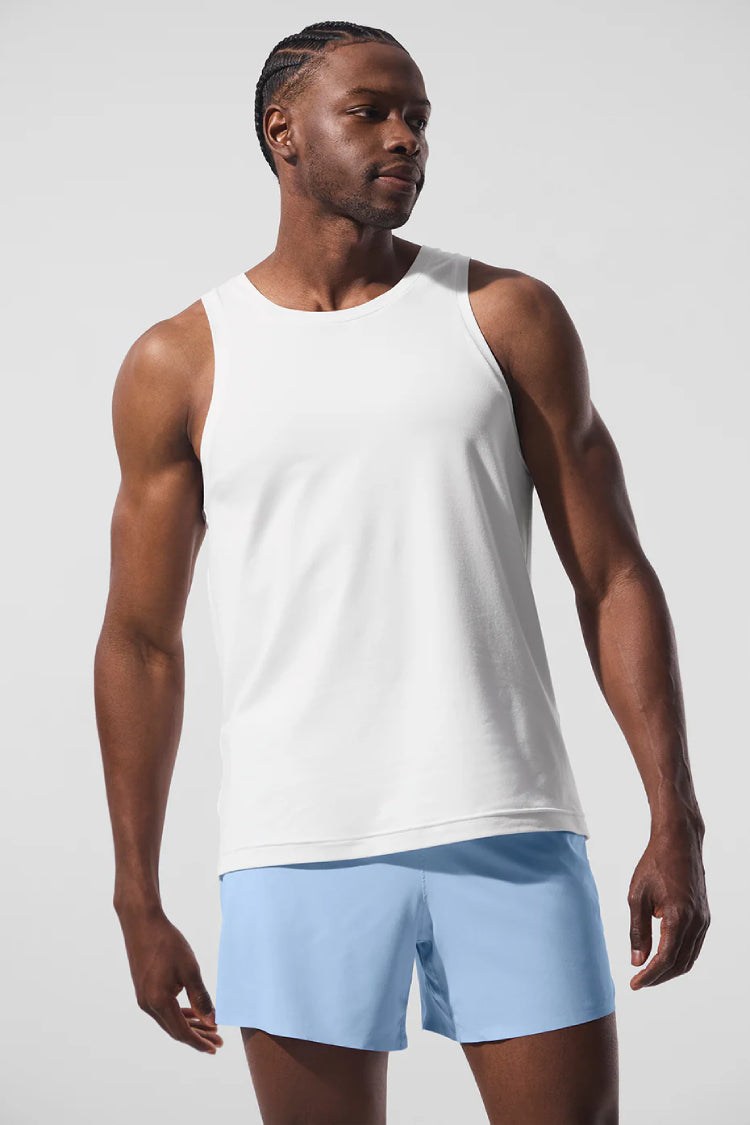 CONQUER TANK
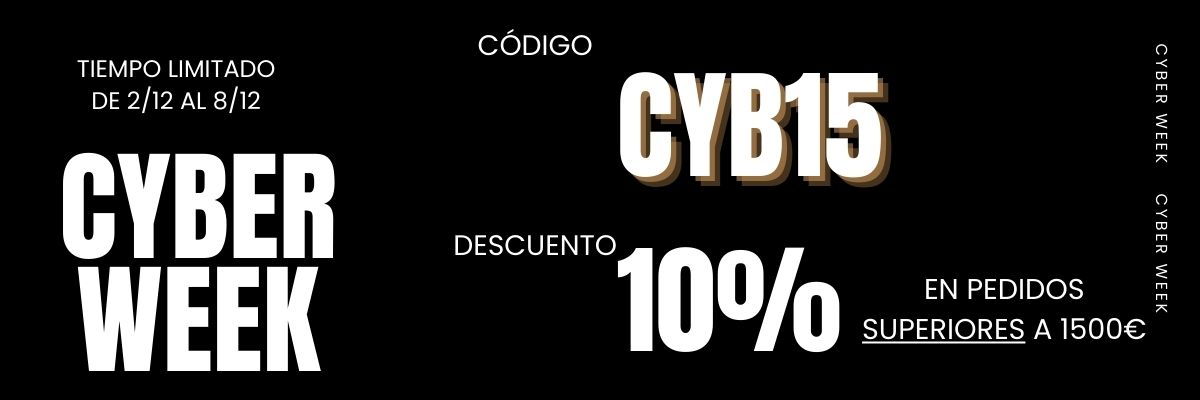 Descuento del 10%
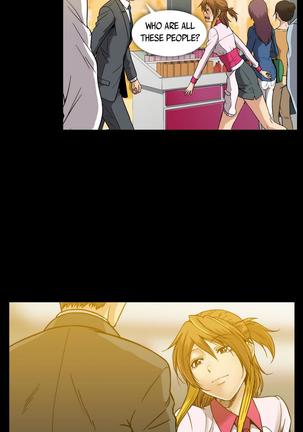Drug Candy Ch.0-41 Page #409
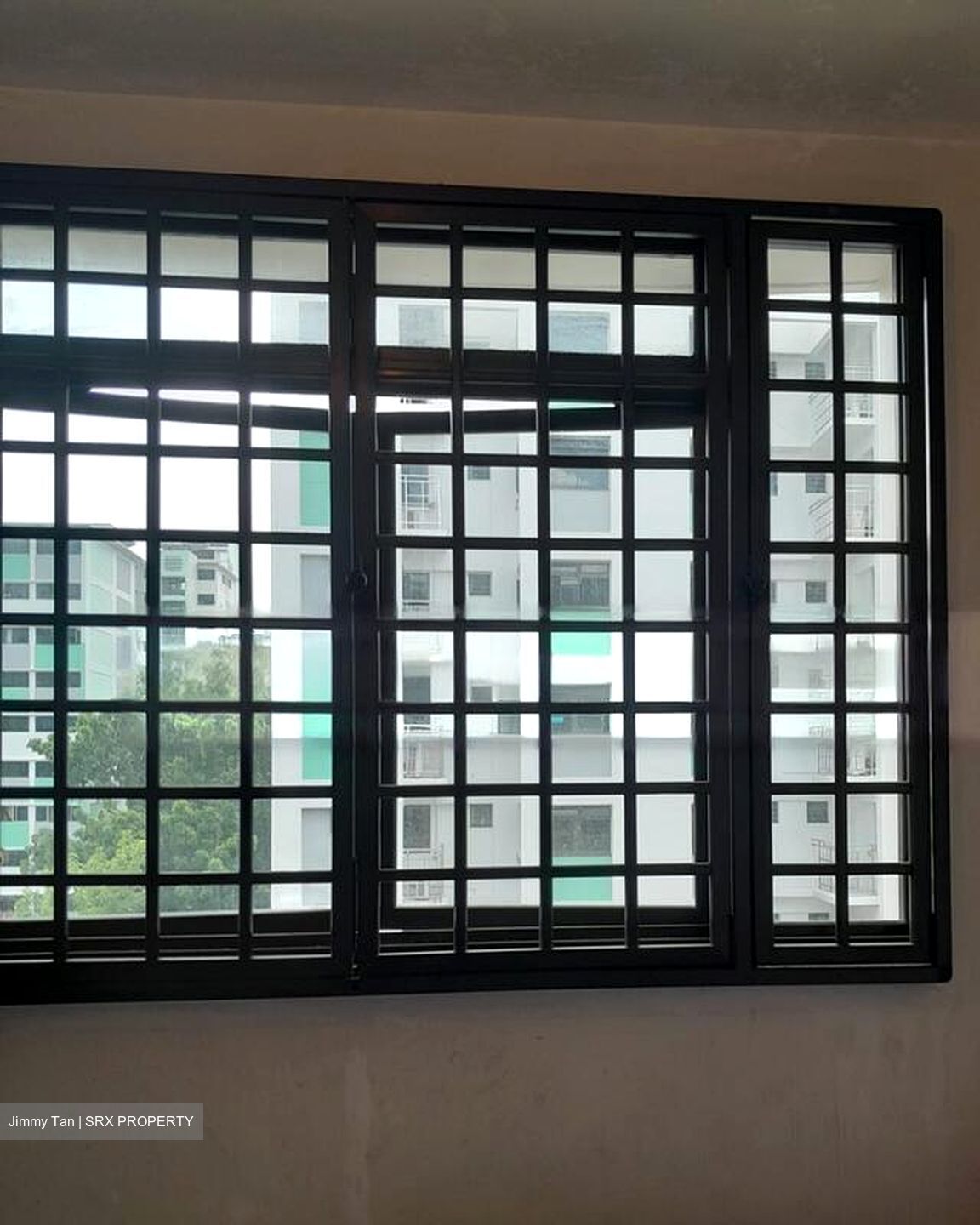 Blk 1 MARSILING DRIVE (Woodlands), HDB 3 Rooms #502148821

■ **WHAT THE TASK REQUIRES**: The span to retype runs from the line containing "Descuento del 10%" through the last line of the listing above, both ends included; copy it exactly, without pictures.

■ **ANSWER BELOW**:
 Descuento del 10%
Drug Candy Ch.0-41 Page #409
 Blk 1 MARSILING DRIVE (Woodlands), HDB 3 Rooms #502148821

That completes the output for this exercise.